Figure 5. In vitro and in vivo metabolic effects of SHLP2 and SHLP3 on insulin action and pro-inflammatory biomarker expression

(A) 3T3-L1 pre-adipocyte differentiation was assessed by Oil Red-O staining after incubation with insulin in the presence of control peptide, SHLP2, or SHLP3. (B–D) SHLP2 or SHLP3 were infused by ICV at a rate of 0.16 μg/kg/min into conscious SD rats (n = 6) and glucose flux was studied acutely under systemic pancreatic insulin clamp and physiologic hyperinsulinemic-euglycemic clamp. Glucose infusion rate (B), hepatic glucose production (C), and peripheral glucose uptake (D) were measured. (E–F) C57BL/6 mice (n = 5) were treated with control, SHLP2, or SHLP3 peptides (2 mg/kg/dose, BID, IP) for 5 days. Serum insulin (E), leptin (F), interleukin-6 (G), and monocyte chemotactic protein 1 (MCP-1) (H) levels were measured using LINCOplex^TM analysis. All data are presented as means ± SEM. *P < 0.05.
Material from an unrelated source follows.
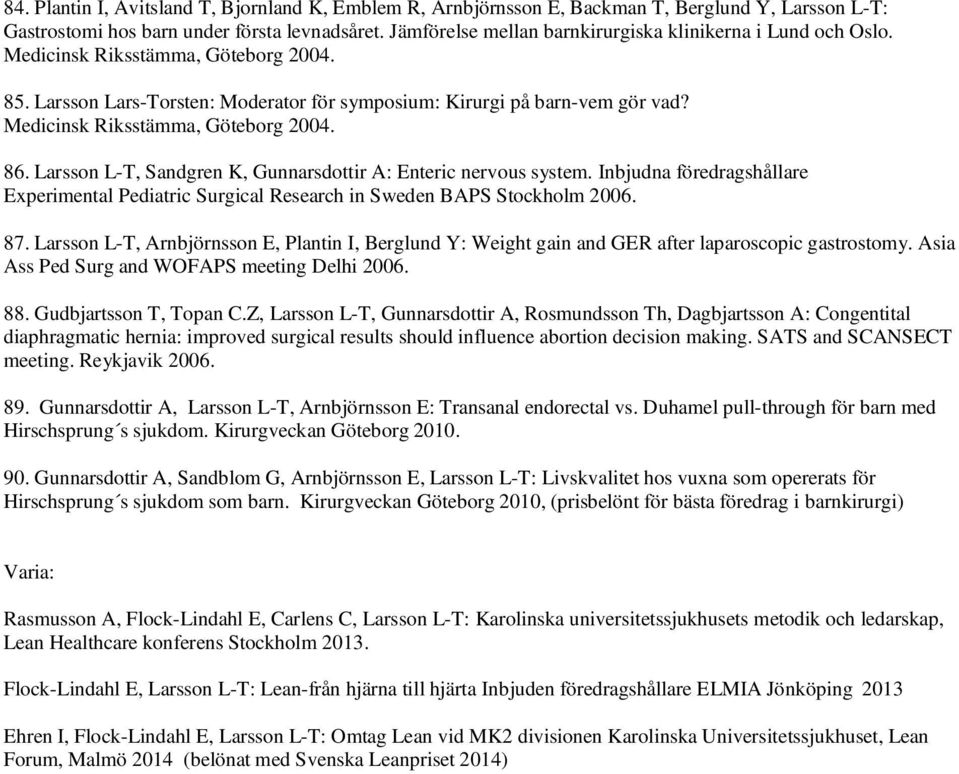 Medicinsk Riksstämma, Göteborg 2004. 86. Larsson L-T, Sandgren K, Gunnarsdottir A: Enteric nervous system.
Figure 6. Circulating SHLP2 levels decrease with age in mice and protect against amyloid-beta (Aβ) toxicity

(A) Plasma SHLP2 levels in young and old male and female C57BL/6 mice (n = 10 in each group) were assessed by ELISA. (B) Mouse primary cortical neurons were treated with vehicle control, 10 μM Aβ_1–42 alone, or co-treated 10 μM Aβ_1–42 with 1 nM, 100 nM, or 10 μM SHLP2. Aβ_1–42-induced cytotoxicity was measured using a LDH (lactate dehydrogenase) cytotoxicity assay kit.